Dataset records:

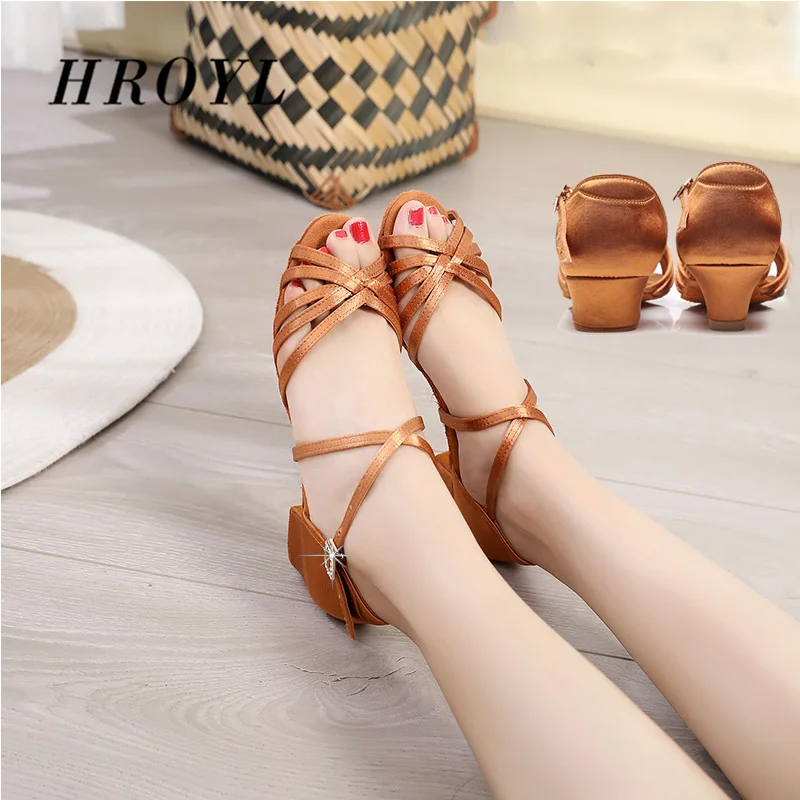 HROYL 2020 New Women latin dance shoes for children satin salsa ballroom dance shoes children tango salsa shoes soft fashion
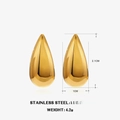 Pendientes de gota en acero inoxidable chapado en oro de 18K con acabado de espejo - Oro Pequeño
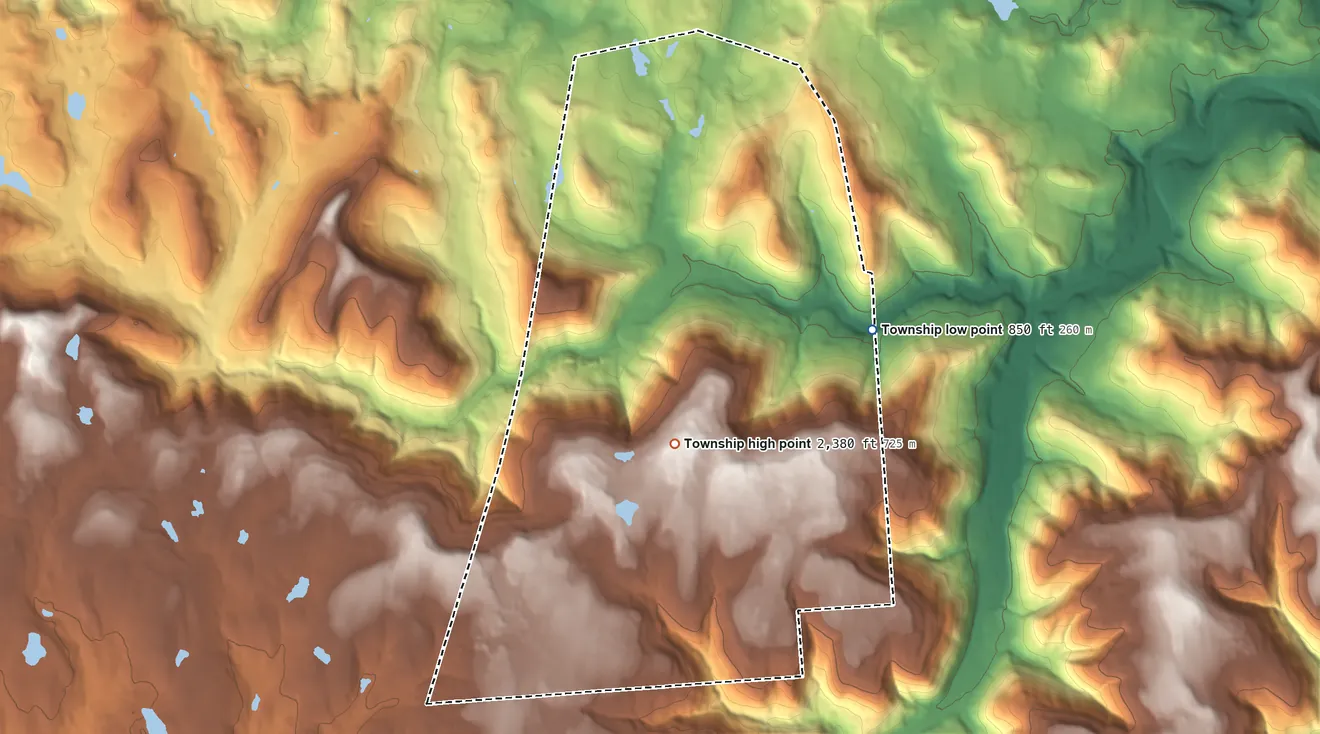 Topographic elevation map of North Branch Township, Pennsylvania, shaded from 850 ft on the southeast side to 2,380 ft on Bartlett Mountain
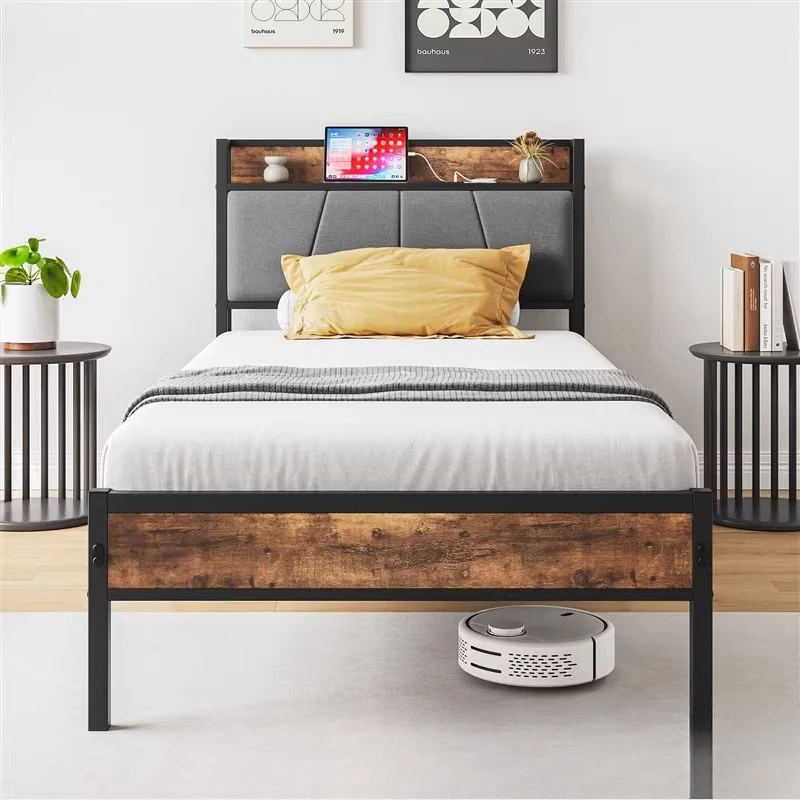 Wrought iron double bed steel frame bold and thickened modern 1.8 meters dormitory 1.5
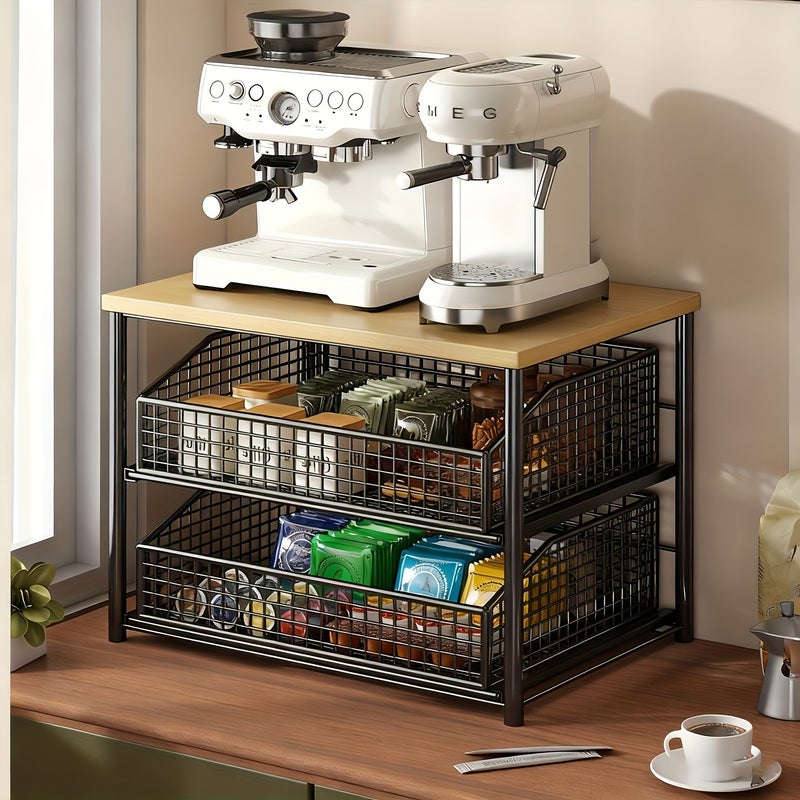 Space-Saving Kitchen Countertop Organizer with Drawers And Metal Baskets - Sturdy Solid Wood And Metal Multi-Layer Storage Rack, Suitable for Coffee Machines, Tableware, Spices - Modern Black/White Design, No Power Supply Required - Image 4
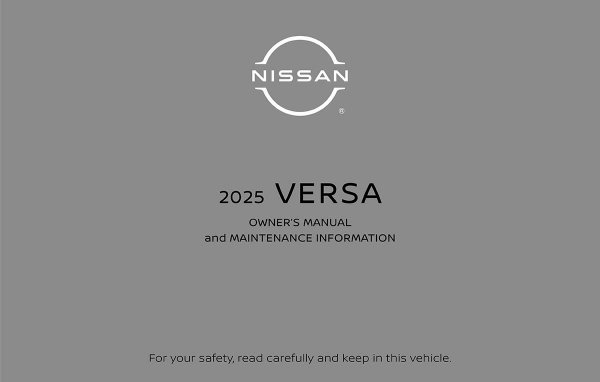 2025 Nissan Versa Sedan Owner's Manual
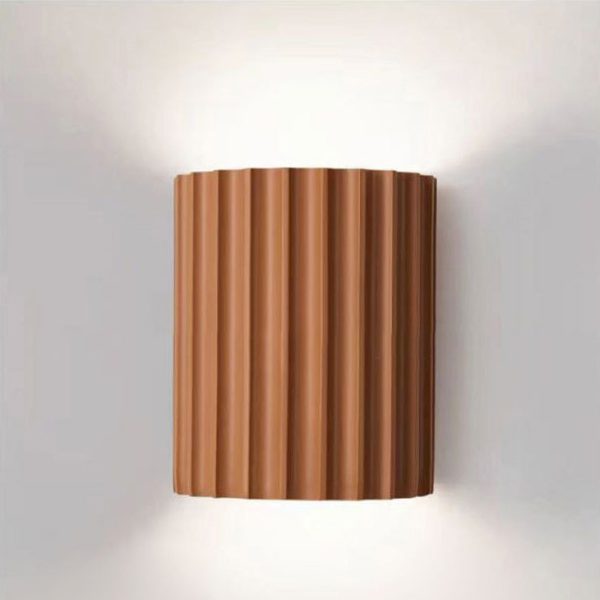 Contemporary Scandinavian Resin Half Column 2-Light Wall Sconce Lamp For Hallway - Image 6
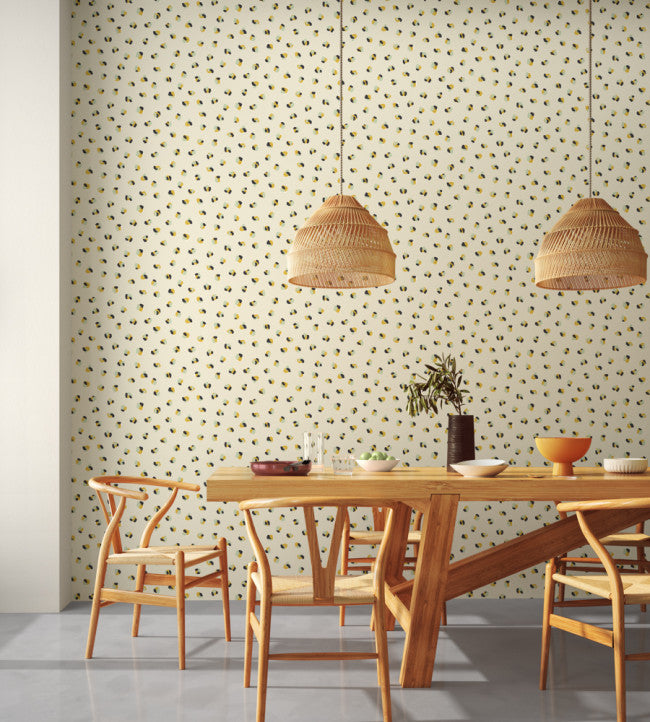 Leopard Dots Room Wallpaper - Pebble / Sage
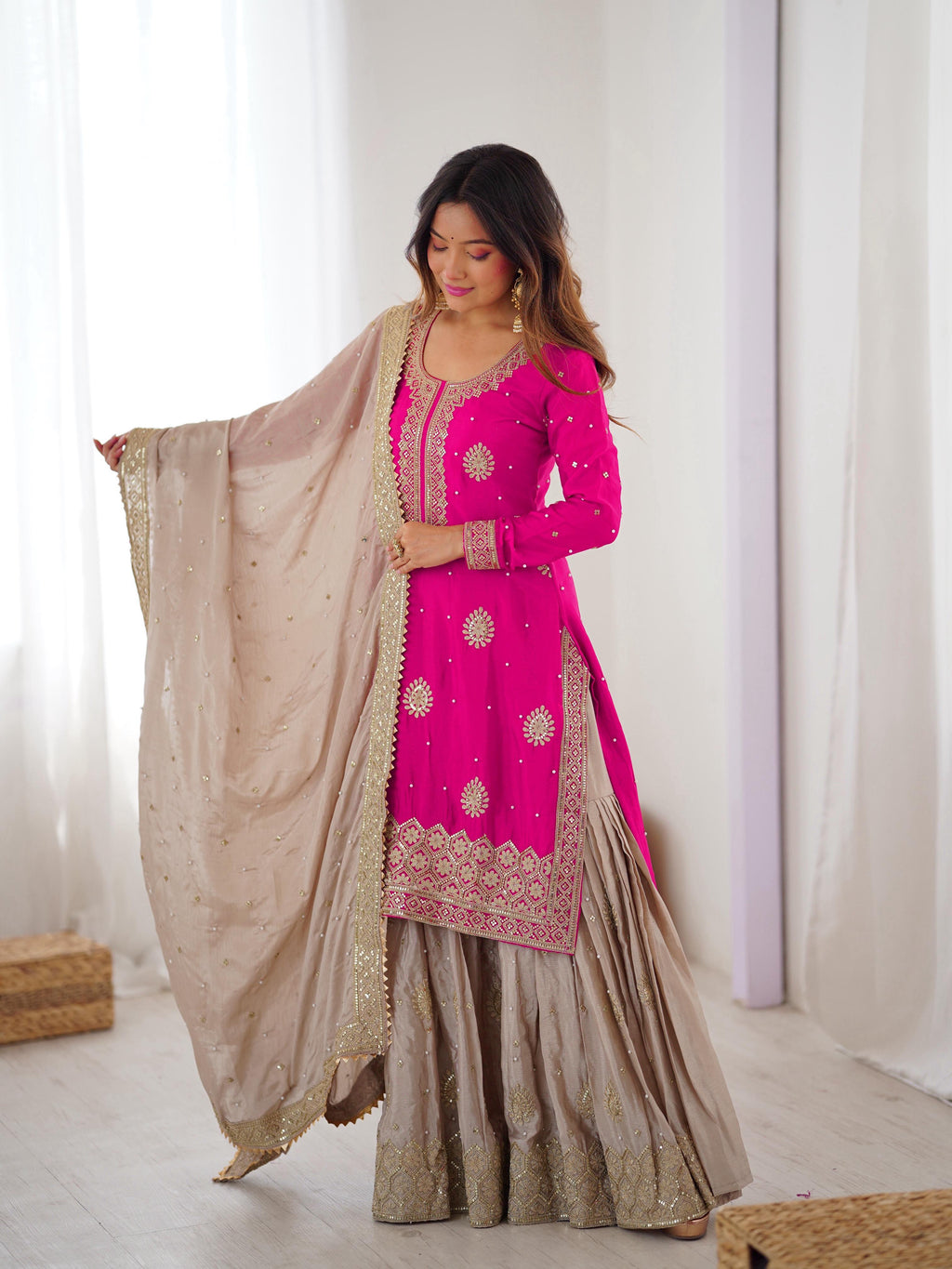 Premium Chinon Silk Sharara Set with Sequins & Pearls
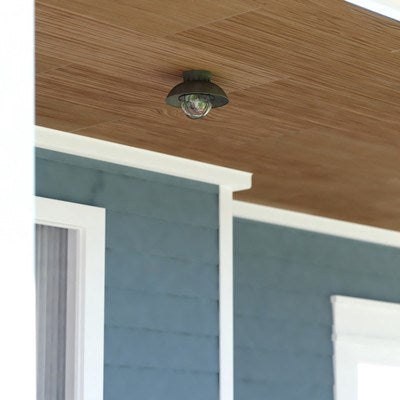 10-in Outdoor Flush Mount Ceiling Light Textured Gray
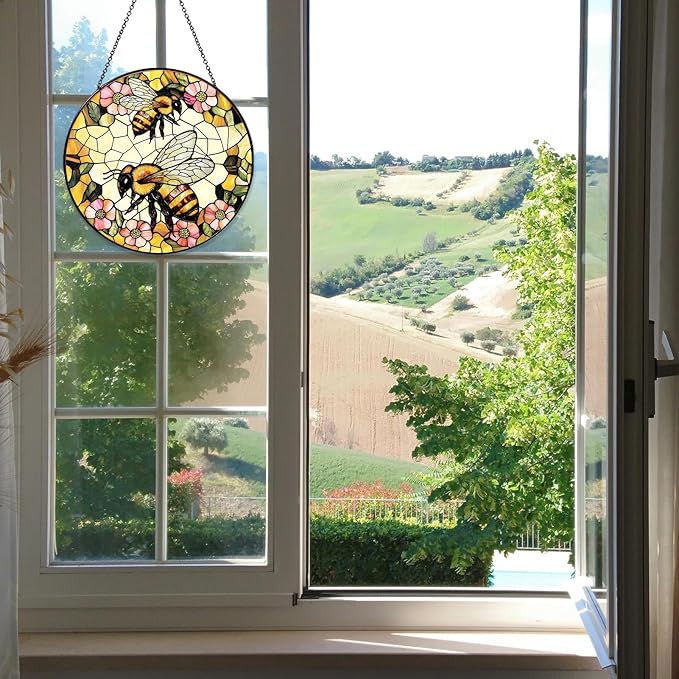 Bee Wildflower Stained Glass Window Hanging Bee Sun Catcher Honeybee Gifts for Women Christmas Suncatchers for Garden Home Windows Hanging Decoration, 7.87inch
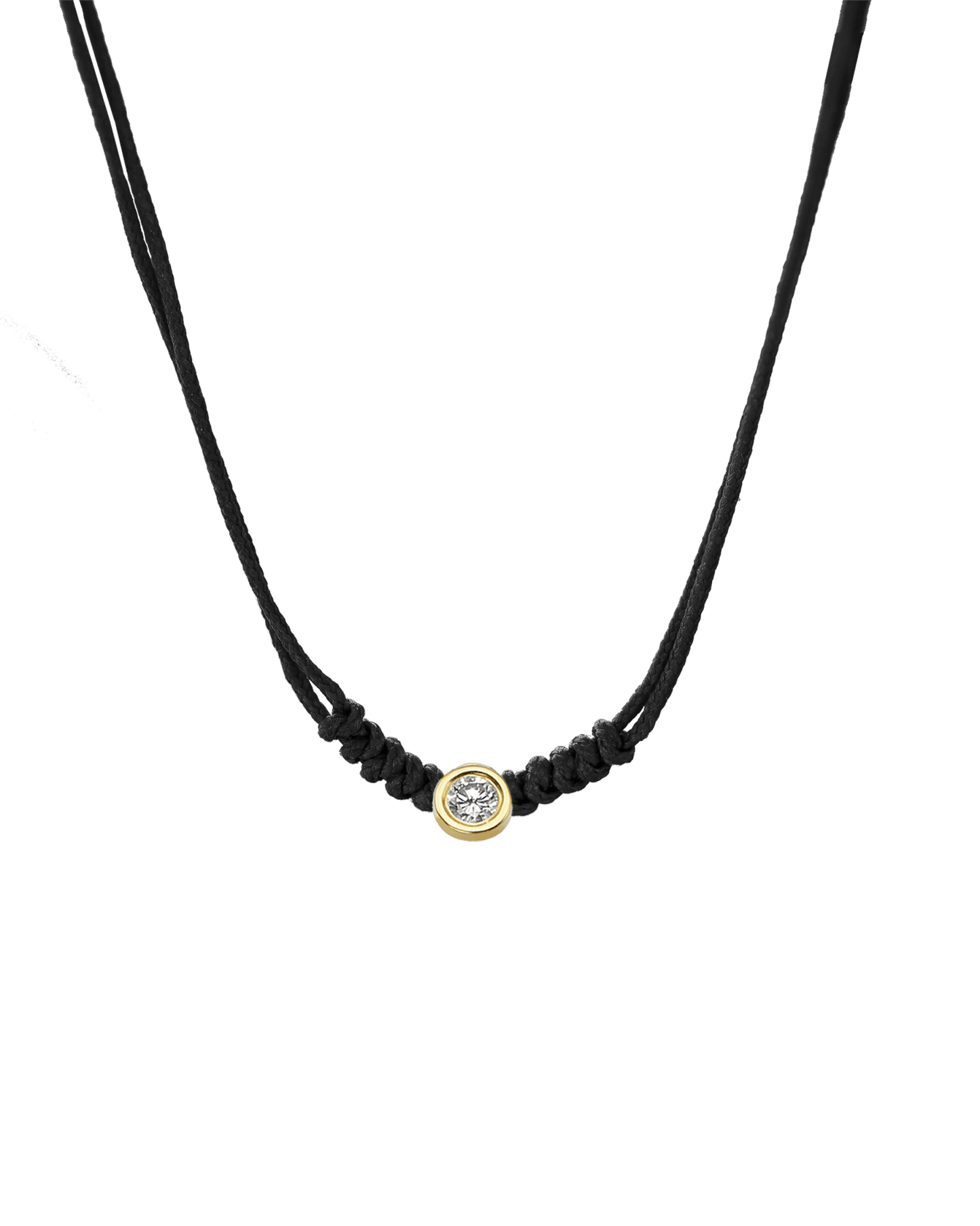 The String of Love Necklace - 14K Yellow Gold Necklaces 14K Solid Gold Black Large: 0.1ct 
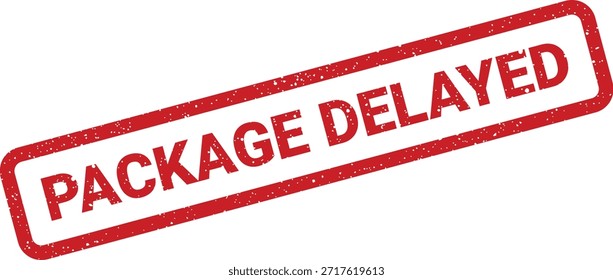 Uma representação gráfica de um carimbo indicando um atraso do pacote. Ideal para notificações de envio, logística e comunicações de atendimento ao cliente.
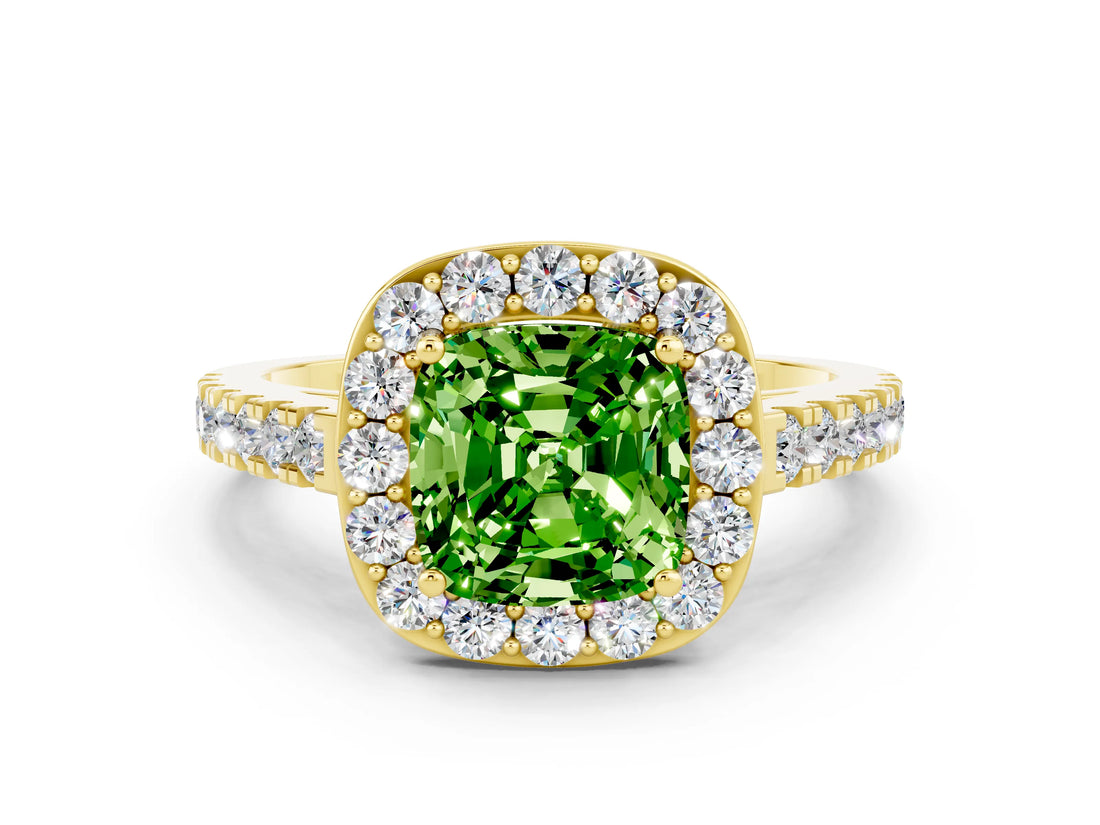 Yellow gold Cushion Cut Halo Diamond Ring with Pavé Band and Three-Prong Setting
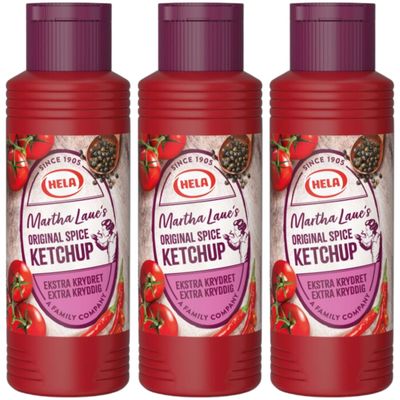 Hela Martha German Curry Ketchup Extra Spicy 300ml Pack of 3 - Unmatched Spice Harmony for the Traditional Currywurst, Intense Spice Infusion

The task: Please write out exactly the lines starting at the one that contains "Premium Chinon Silk" and ending with the final line of the entries, both ends included. Do not write out any pictures.

Expected answer:
 Premium Chinon Silk Sharara Set with Sequins & Pearls
 10-in Outdoor Flush Mount Ceiling Light Textured Gray
 Bee Wildflower Stained Glass Window Hanging Bee Sun Catcher Honeybee Gifts for Women Christmas Suncatchers for Garden Home Windows Hanging Decoration, 7.87inch
 The String of Love Necklace - 14K Yellow Gold Necklaces 14K Solid Gold Black Large: 0.1ct 
 Uma representação gráfica de um carimbo indicando um atraso do pacote. Ideal para notificações de envio, logística e comunicações de atendimento ao cliente.
 Yellow gold Cushion Cut Halo Diamond Ring with Pavé Band and Three-Prong Setting
 Hela Martha German Curry Ketchup Extra Spicy 300ml Pack of 3 - Unmatched Spice Harmony for the Traditional Currywurst, Intense Spice Infusion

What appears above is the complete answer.